[Work instruction]
Omit all pictures and transcribe only the lines in the entries below that run from the line with "The Hobbit Elrond" through the line with "Dona Aldrich".

[Records]
== Segment start ==

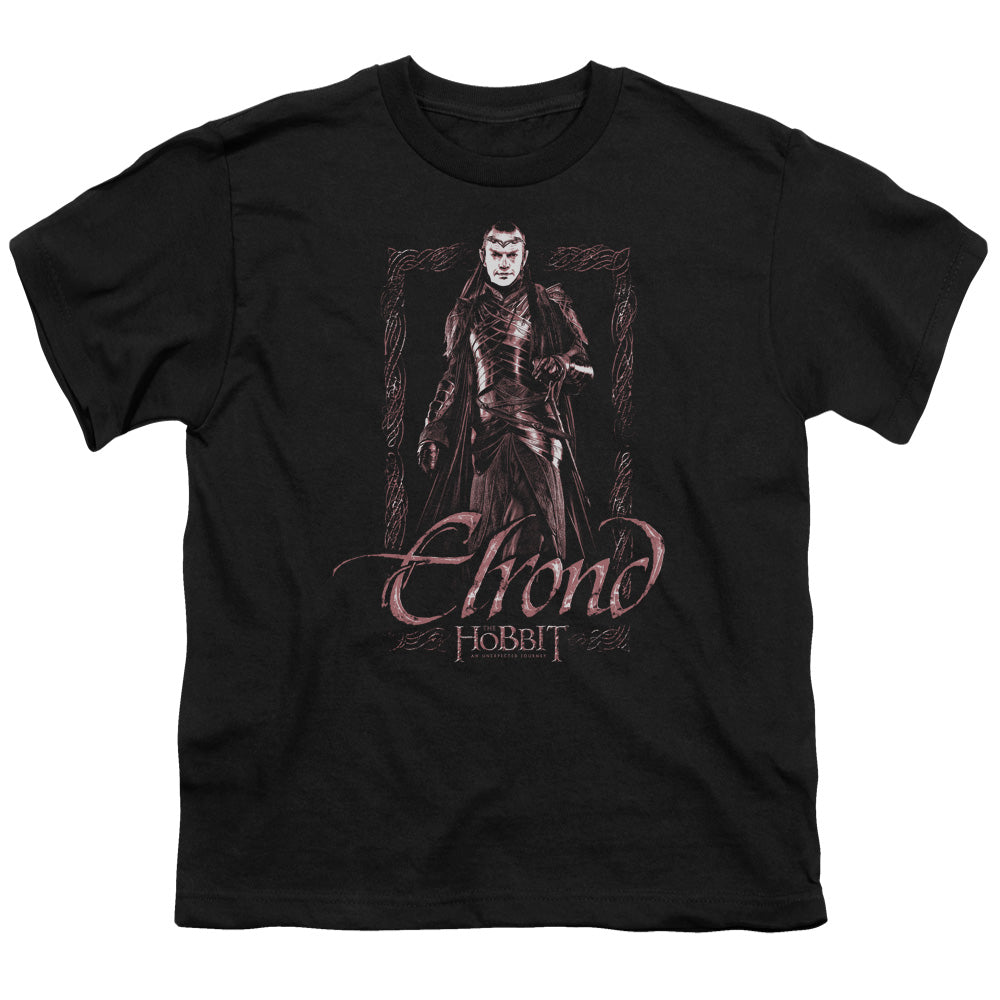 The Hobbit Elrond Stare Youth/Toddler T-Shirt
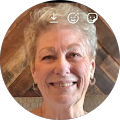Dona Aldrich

== Segment end ==
== Segment start ==

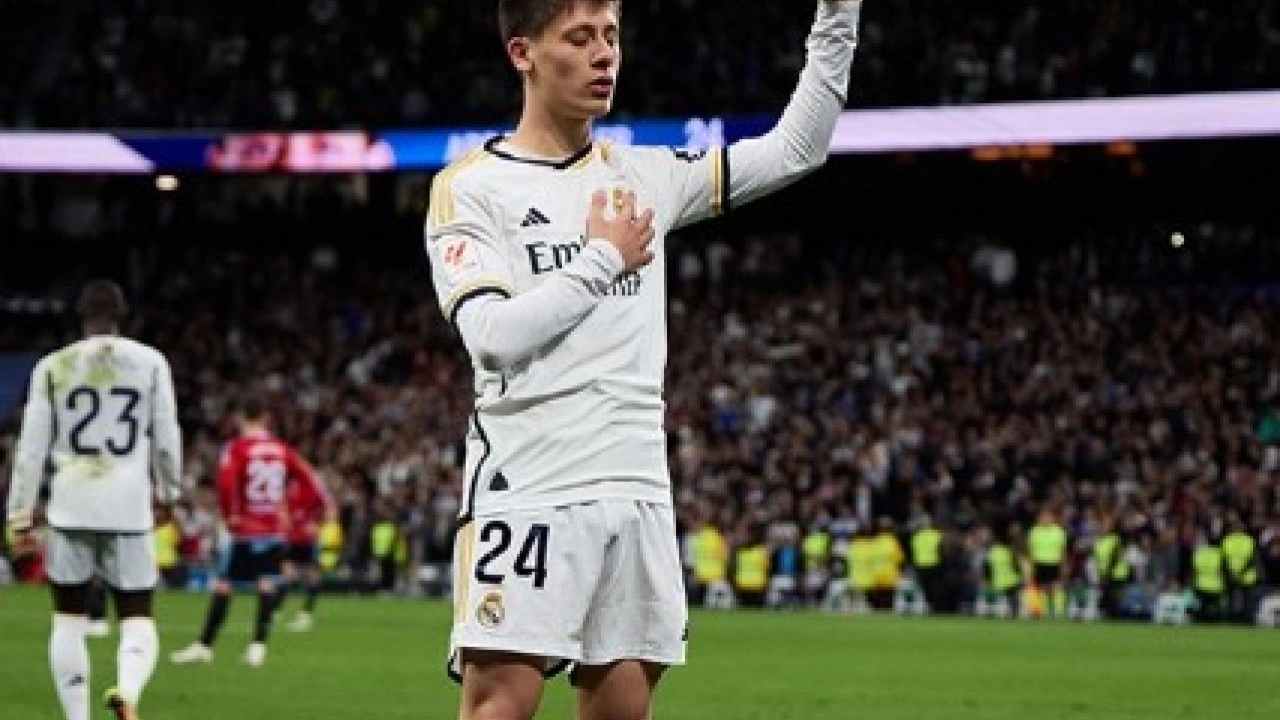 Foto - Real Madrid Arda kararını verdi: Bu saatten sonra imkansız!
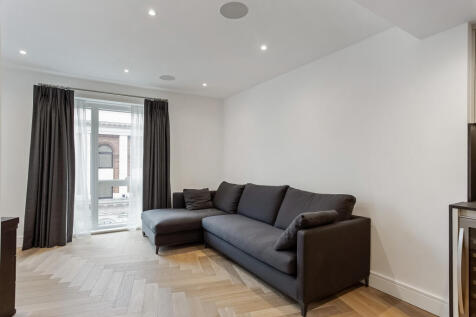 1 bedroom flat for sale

== Segment end ==

[Expected answer]
 The Hobbit Elrond Stare Youth/Toddler T-Shirt
Dona Aldrich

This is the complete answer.